The Latin word-order here is often deeply nested or bracketed: lines or clauses begin with a negation at the head, and then at the end they name the god or element that had not yet done their thing; in the middle, they bracket an image or an aspect of the orderly procession of the world which they did not yet govern. Amphitrite and her fore-arms similarly bracket around the long edges of the dry lands, which many translators have taken as an image of the sea-coasts embracing the lands encircled by them. In the last line, the nouns are interspersed and rapidly chopped together, like the disordered, undifferentiated muddle that the line describes.

No ( yet ( to the world ) was offering ( lights ) ) Titan
Nor ( new ( ( ( by growing ) was repairing ) ) horns ) Phoebe
Nor ( enveloped ( was hanging ) in the air ) the soil
( by weights ( balanced ) its own ), nor ( fore-arms ( on the long
edge ( of the lands ) ) had stretched out ) Amphitrite;
and where ( air, ( soil ) [was] there ), and ( sea ) and ( aether ).

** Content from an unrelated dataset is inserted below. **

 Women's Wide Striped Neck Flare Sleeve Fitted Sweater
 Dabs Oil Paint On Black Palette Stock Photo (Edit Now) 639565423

You could try to preserve some of this in English with awkward syntactical breaks or contorted poetical word order; or you might try it by adding in little words. For example, here’s one way to render lines 10-11 that keeps just a little of what it can in the syntax, by adding English qualifiers or shifts in case or voice that aren’t justified by the Latin text:

No-one yet offered the world light, not even an Elder God
Nor the new growth revived in the crescent horns of Phoebe,
Nor enveloped, hanging, . . .

Or you could give up and submit to a different sort of parallelism that fits better with the least-resistance English word order:

No Titan yet offered light to the world,
No Phoebe renewing new-grown crescent horns,
No Earth hanging . . .

Anyway, let’s try a pass at a verse translation. Since these are part of the same stanza as the last set and continue the theme started there, I’ve included all of lines 5-15. Here’s a version that makes really minimal alterations to the allusive references. (There are good reasons to try to do something about them, but if you’re reading this we’ve already talked all about them, and in the age of hypertext and Wikipedia I suspect that the best balance to strike is different from what it used to be.) This one doesn’t make much effort to keep the original word-order of the lines, but it touches up syntax and redistributes some clauses over the lines where they occur, for the sake of fluency and some parallelism of its own.

Mundi origo.

Ante mare et terras et quod tegit omnia caelum
unus erat toto naturae vultus in orbe,
quem dixere Chaos: rudis indigestaque moles
nec quicquam nisi pondus iners congestaque eodem
non bene iunctarum discordia semina rerum.
nullus adhuc mundo praebebat lumina Titan,
nec nova crescendo reparabat cornua Phoebe,
nec circumfuso pendebat in aere tellus
ponderibus librata suis, nec bracchia longo
margine terrarum porrexerat Amphitrite;
utque aer, tellus illic et pontus et aether.

World’s Beginning

Before sea, and dry lands, and the cover of sky,
Nature had but one face in all the circle of the world—
Which folks have named Chaos: a shapeless heaped mess,
Not a thing but dumb weight, and all together in piles,
The seeds of things, ill-joined due to discord.
No Titan yet bearing light to the world,
No Phoebe revealing new-grown crescent horns,
No earth surrounded, suspended in air,
Balanced on its own weight, no Amphitrite to spread
Her fore-arms along dry lands’ long shores;
And air where the ground was — air, sea and aether.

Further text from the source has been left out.